Brief descriptive captions:
────────
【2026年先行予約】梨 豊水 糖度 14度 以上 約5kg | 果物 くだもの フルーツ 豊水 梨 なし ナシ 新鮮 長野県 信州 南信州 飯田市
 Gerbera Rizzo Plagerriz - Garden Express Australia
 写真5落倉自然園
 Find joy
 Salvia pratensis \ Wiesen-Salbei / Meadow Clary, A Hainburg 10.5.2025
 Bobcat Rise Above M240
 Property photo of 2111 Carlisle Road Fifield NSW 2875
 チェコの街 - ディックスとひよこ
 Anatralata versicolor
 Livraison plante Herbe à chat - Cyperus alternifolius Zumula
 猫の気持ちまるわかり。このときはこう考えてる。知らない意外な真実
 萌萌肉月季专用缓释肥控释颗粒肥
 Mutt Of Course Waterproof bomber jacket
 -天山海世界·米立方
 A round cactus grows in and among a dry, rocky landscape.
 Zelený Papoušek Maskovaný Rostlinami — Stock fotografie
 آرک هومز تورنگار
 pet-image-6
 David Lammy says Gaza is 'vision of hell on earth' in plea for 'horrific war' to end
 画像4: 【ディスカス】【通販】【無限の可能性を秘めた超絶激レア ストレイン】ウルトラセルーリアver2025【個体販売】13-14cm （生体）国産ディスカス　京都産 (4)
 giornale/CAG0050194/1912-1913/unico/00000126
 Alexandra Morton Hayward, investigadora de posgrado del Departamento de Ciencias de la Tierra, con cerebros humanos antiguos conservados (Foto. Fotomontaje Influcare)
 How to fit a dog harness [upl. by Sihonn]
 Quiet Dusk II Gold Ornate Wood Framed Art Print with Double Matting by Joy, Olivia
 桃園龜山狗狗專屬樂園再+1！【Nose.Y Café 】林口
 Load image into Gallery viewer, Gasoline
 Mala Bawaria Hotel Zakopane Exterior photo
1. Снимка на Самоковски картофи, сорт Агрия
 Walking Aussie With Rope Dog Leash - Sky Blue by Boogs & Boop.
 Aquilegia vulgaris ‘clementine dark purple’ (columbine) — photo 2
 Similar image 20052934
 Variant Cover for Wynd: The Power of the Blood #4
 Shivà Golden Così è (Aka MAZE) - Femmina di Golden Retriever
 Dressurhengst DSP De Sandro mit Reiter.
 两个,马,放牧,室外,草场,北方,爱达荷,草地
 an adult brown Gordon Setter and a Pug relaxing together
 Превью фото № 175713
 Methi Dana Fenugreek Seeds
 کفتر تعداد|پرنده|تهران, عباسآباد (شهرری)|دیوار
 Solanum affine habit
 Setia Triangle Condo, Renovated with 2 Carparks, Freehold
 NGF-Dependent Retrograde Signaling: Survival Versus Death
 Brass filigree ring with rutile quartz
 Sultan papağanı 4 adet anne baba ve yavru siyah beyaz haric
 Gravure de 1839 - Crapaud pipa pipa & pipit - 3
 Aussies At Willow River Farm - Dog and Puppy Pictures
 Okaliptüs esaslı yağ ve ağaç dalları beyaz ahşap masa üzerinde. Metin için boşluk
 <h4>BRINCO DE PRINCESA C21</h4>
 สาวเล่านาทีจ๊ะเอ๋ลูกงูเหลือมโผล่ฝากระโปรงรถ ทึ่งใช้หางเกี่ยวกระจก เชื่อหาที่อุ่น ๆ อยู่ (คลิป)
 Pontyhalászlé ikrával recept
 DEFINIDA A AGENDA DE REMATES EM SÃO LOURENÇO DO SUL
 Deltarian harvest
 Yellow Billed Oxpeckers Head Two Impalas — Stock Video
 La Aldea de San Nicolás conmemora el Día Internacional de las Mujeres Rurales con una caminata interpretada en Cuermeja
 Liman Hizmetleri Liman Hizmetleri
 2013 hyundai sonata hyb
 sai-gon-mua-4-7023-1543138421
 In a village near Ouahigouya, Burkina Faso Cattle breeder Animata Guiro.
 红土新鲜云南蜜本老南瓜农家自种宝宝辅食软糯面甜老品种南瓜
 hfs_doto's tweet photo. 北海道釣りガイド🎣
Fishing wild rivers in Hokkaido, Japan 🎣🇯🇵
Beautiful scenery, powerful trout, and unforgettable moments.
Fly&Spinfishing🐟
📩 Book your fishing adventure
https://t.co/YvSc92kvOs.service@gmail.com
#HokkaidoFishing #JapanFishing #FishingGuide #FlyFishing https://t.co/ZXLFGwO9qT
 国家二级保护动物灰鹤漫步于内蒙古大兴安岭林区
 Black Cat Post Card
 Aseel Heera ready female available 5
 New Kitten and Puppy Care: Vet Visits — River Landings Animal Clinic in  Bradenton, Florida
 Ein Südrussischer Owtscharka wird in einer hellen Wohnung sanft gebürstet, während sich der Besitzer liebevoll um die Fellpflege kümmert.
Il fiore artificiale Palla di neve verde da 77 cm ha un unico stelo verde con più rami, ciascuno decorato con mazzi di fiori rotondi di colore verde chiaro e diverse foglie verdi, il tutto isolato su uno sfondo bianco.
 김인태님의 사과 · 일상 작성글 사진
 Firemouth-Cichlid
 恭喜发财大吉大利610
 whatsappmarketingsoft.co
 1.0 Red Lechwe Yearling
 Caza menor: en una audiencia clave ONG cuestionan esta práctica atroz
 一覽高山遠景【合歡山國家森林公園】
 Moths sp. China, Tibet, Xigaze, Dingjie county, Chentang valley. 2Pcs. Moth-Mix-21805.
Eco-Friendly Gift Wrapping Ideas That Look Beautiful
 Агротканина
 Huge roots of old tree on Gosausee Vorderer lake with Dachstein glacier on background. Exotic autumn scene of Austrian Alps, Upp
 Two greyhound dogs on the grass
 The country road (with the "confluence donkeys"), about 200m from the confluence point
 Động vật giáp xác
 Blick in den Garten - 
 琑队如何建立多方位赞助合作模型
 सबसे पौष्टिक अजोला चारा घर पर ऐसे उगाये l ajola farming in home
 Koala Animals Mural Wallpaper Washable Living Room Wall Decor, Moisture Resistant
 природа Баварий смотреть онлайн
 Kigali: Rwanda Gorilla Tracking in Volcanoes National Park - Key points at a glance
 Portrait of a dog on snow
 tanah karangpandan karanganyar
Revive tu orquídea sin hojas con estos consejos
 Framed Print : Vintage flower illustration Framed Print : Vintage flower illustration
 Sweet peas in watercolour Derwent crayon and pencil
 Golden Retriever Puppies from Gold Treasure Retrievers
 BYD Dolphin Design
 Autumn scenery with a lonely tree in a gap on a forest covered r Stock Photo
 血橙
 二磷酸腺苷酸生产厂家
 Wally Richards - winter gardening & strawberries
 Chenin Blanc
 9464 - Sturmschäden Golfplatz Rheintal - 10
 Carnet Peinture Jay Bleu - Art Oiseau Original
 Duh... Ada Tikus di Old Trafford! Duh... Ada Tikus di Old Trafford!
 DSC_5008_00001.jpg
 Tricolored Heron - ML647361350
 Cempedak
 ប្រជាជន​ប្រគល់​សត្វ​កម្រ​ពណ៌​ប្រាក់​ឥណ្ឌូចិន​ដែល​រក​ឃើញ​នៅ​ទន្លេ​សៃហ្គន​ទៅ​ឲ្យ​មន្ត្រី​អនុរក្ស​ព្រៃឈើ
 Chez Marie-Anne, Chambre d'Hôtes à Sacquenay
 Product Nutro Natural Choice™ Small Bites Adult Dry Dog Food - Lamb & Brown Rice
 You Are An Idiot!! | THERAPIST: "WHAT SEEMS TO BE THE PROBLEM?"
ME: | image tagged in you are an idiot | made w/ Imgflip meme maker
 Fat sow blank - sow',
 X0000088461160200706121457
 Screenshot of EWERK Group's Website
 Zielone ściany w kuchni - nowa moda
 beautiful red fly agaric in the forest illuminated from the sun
────────
As listed above, the lines from the line with "Bobcat Rise Above M240" to the line with "pet-image-6" are to be echoed exactly, with both ends included and nothing added.

 Bobcat Rise Above M240
 Property photo of 2111 Carlisle Road Fifield NSW 2875
 チェコの街 - ディックスとひよこ
 Anatralata versicolor
 Livraison plante Herbe à chat - Cyperus alternifolius Zumula
 猫の気持ちまるわかり。このときはこう考えてる。知らない意外な真実
 萌萌肉月季专用缓释肥控释颗粒肥
 Mutt Of Course Waterproof bomber jacket
 -天山海世界·米立方
 A round cactus grows in and among a dry, rocky landscape.
 Zelený Papoušek Maskovaný Rostlinami — Stock fotografie
 آرک هومز تورنگار
 pet-image-6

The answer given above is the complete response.